- What you have to do
Repeat the data word for word and skip the pictures.
#### Supplied entries
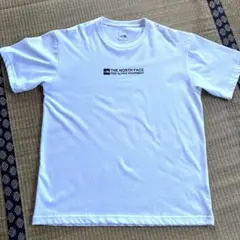 美品THE NORTHFACE/ザノースフェイス 店舗限定デザインＴ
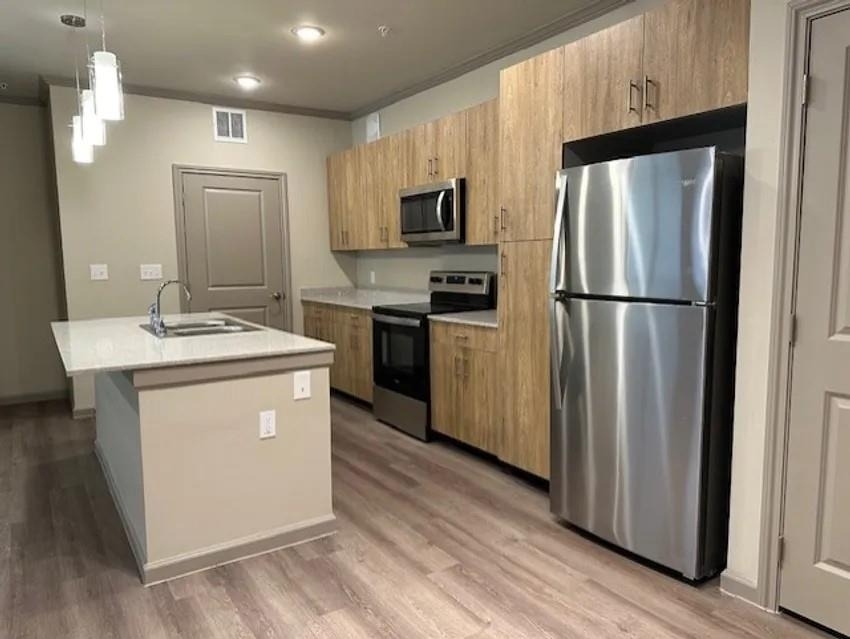 501 W Sam Houston - Photo 4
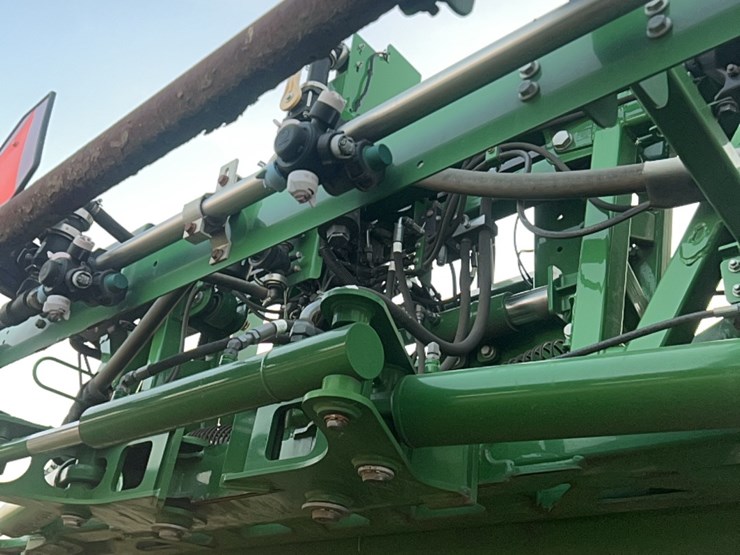 2014-john-deere-r4030-image-195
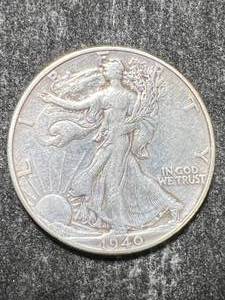 lot 31 image: 1940 US WALKING LIBERTY HALF DOLLAR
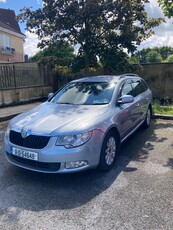 2011 - Skoda Superb Manual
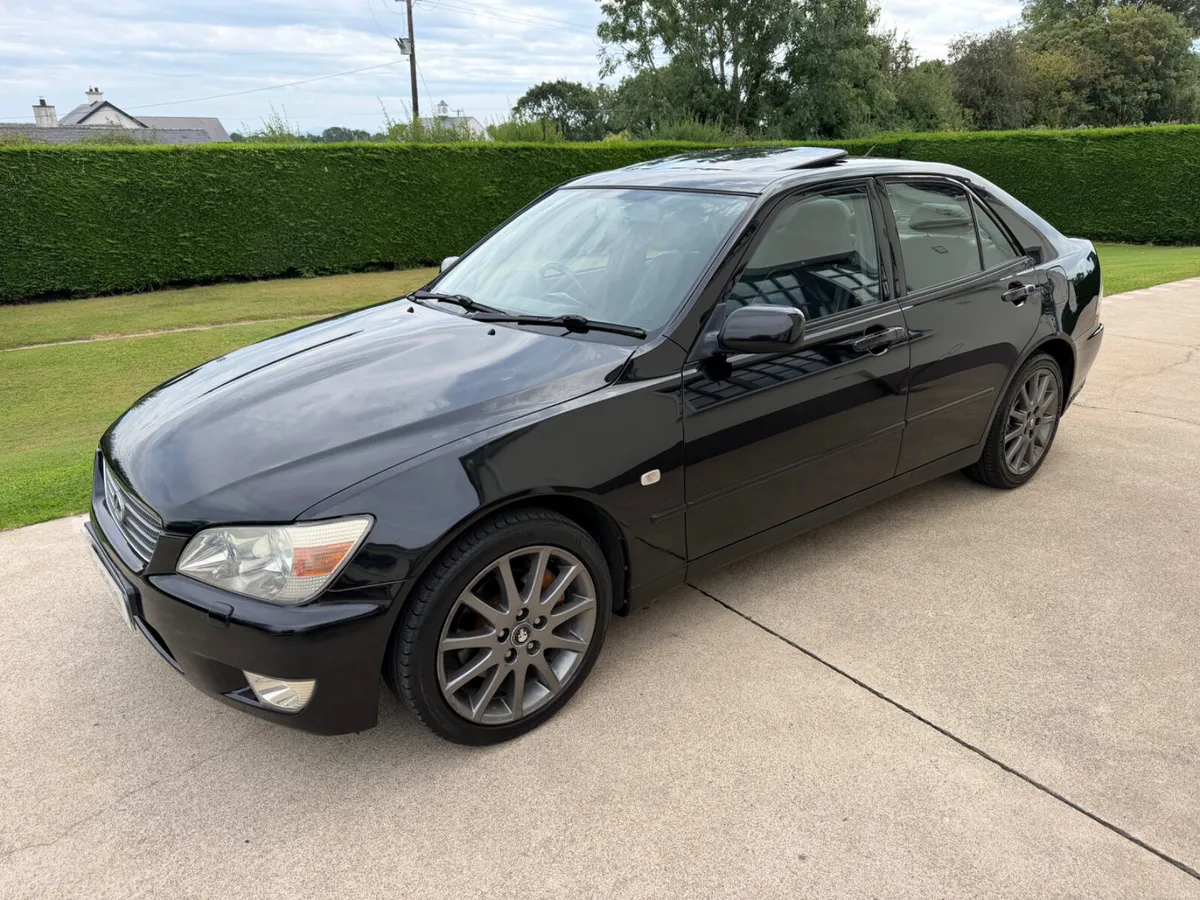 2000 LEXUS IS200 SE | SUNROOF | BLACK INTERIOR - Image 1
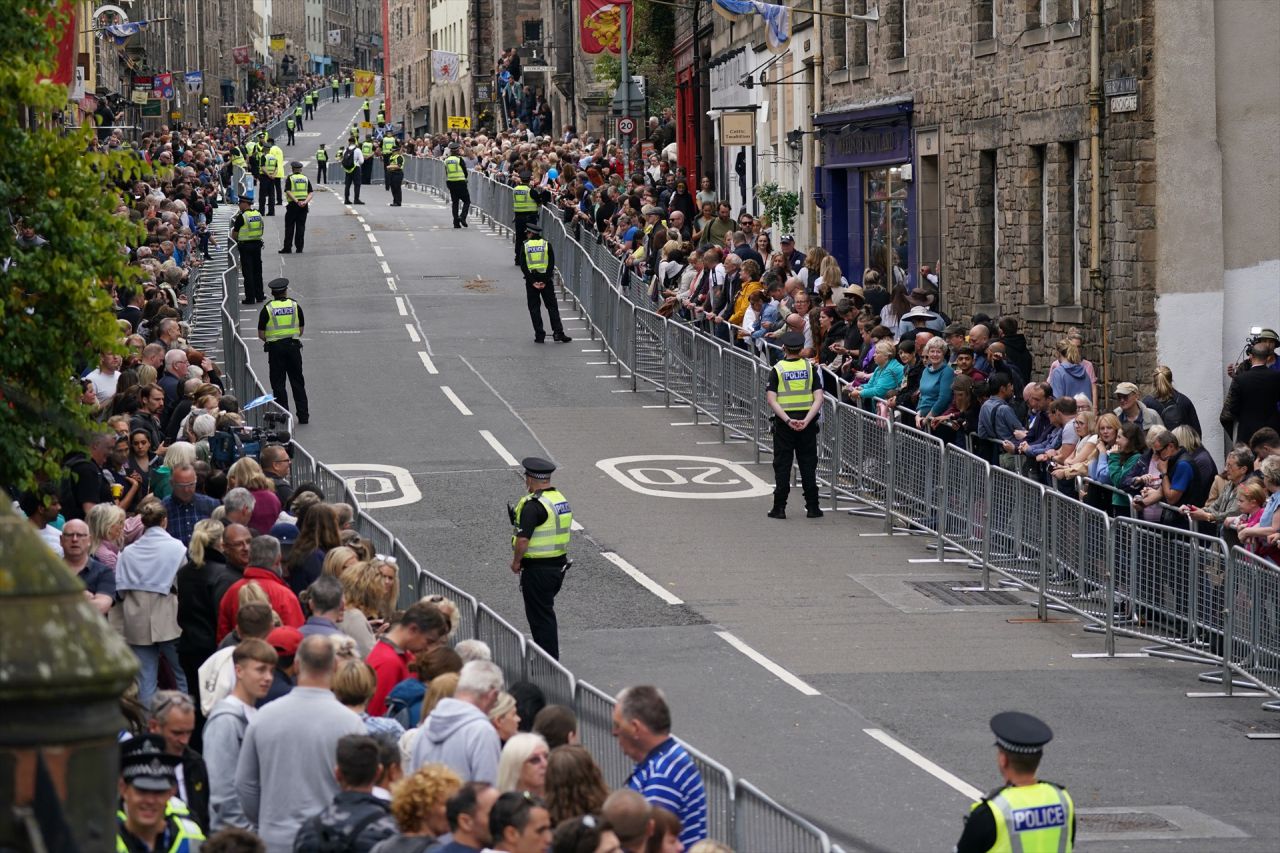 El cortejo fúnebre con los restos de la reina Isabel II viaja desde Balmoral hasta Edimburgo.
########
- Response
 美品THE NORTHFACE/ザノースフェイス 店舗限定デザインＴ
 501 W Sam Houston - Photo 4
 2014-john-deere-r4030-image-195
 lot 31 image: 1940 US WALKING LIBERTY HALF DOLLAR
 2011 - Skoda Superb Manual
 2000 LEXUS IS200 SE | SUNROOF | BLACK INTERIOR - Image 1
 El cortejo fúnebre con los restos de la reina Isabel II viaja desde Balmoral hasta Edimburgo.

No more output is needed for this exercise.